Steep Drop In Tariffs Intended To Spur Purchases On Mainland
As Switzerland and China prepare to sign a landmark free trade agreement in July, the world-renowned Swiss watch industry has played a critical role in negotiations.
On Monday, the Federation of the Swiss Watch Industry (FH) announced that industry and government leaders signed a watch memorandum which spelled out China’s plans to cut tariffs on Swiss watches by 60 percent over the next decade. The agreement states that once the free trade deal is signed, Swiss watch imports will be lowered by 18 percent in the first year and 5 percent annually after that. Signatories to the memorandum will meet once a year, and include the FH, the Swiss State Secretariat for Economic Affairs, the China Horologe Association, and the Chinese Ministry of Industry and Information Technology. As negotiations currently stand, the free trade agreement will allow Switzerland to remove tariffs on almost all goods imported from China, while China will remove them from 84 percent of imported Swiss goods.
This deal is likely to give a boost to lagging watch exports from Switzerland to the mainland. Swiss watches, which are popular for official “gifting” purposes in China, saw exports to China decline 26 percent in the first three months of the year. Although there has been a general luxury slowdown this year, the steep watch decline has been particularly attributed to the government’s crackdown on luxury gifting. Sales in mainland China were down 22 percent in April.
High taxes on luxury goods have been a significant factor in high prices that have driven the majority of Chinese luxury purchases out of the country. While import duties are one factor, Swiss watches over $1,560 also have a steep luxury tax of 20 percent. Yu Jianhua, China’s assistant minister of commerce, said in a press conference discussing the watch memorandum that value-added and consumption taxes would remain on watches. Meanwhile, another official recently stated that some luxury goods may be reclassified as “daily necessities” and see lower taxes without discussing what these items may be.

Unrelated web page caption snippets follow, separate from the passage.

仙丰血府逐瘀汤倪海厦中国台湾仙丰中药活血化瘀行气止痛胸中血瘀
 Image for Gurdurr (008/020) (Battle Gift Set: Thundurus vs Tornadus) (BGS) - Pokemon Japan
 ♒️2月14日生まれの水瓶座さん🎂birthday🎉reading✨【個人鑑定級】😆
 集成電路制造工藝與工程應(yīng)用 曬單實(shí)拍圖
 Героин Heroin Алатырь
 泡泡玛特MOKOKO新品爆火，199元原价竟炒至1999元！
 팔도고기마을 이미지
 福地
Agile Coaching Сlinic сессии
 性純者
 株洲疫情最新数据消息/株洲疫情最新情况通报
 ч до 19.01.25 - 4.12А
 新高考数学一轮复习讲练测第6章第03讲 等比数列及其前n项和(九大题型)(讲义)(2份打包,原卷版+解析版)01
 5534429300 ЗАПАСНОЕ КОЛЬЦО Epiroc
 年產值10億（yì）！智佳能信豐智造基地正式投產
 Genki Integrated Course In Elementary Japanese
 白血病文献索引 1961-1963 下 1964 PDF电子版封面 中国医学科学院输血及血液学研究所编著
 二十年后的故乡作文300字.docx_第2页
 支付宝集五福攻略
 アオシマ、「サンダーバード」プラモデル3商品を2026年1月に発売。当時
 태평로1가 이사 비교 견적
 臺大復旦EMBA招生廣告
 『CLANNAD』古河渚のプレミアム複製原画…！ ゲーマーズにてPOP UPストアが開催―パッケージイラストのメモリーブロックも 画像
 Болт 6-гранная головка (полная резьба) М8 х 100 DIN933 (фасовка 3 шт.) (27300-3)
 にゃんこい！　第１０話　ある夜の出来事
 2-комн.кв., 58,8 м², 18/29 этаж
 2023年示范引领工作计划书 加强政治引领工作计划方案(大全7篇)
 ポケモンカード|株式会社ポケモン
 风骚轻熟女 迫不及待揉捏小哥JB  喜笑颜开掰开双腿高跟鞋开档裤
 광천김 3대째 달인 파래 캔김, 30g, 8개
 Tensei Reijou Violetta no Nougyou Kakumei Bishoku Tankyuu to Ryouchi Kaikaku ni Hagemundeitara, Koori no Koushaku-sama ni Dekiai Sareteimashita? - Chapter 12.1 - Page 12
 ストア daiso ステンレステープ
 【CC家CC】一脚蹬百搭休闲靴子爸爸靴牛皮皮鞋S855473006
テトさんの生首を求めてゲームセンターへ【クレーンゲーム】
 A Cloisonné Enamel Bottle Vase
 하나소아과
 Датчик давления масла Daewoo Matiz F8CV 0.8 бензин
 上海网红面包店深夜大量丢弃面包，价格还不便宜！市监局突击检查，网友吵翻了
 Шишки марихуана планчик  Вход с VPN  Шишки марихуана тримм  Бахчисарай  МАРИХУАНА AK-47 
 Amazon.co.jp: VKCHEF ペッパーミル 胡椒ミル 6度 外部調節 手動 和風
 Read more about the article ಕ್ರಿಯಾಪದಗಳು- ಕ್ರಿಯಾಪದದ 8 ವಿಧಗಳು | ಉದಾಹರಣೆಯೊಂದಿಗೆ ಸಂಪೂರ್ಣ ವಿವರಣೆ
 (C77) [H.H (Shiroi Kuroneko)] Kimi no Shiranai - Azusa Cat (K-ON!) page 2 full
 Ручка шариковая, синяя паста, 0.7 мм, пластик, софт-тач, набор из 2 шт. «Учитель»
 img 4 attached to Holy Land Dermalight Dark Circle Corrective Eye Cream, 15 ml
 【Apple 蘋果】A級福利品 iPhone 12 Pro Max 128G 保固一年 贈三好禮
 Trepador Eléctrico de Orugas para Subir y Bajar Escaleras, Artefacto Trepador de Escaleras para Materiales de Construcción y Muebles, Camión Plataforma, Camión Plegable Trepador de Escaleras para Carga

Luxury goods play a major role in trade between China and many European nations. When President François Hollande of France recently visited China to discuss trade between the two countries, he brought with him luxury conglomerate PPR (soon to be renamed Kering) head François-Henri Pinault to announce the donation of a set of Qing dynasty bronze zodiac heads that had caused a great deal of controversy between China and France.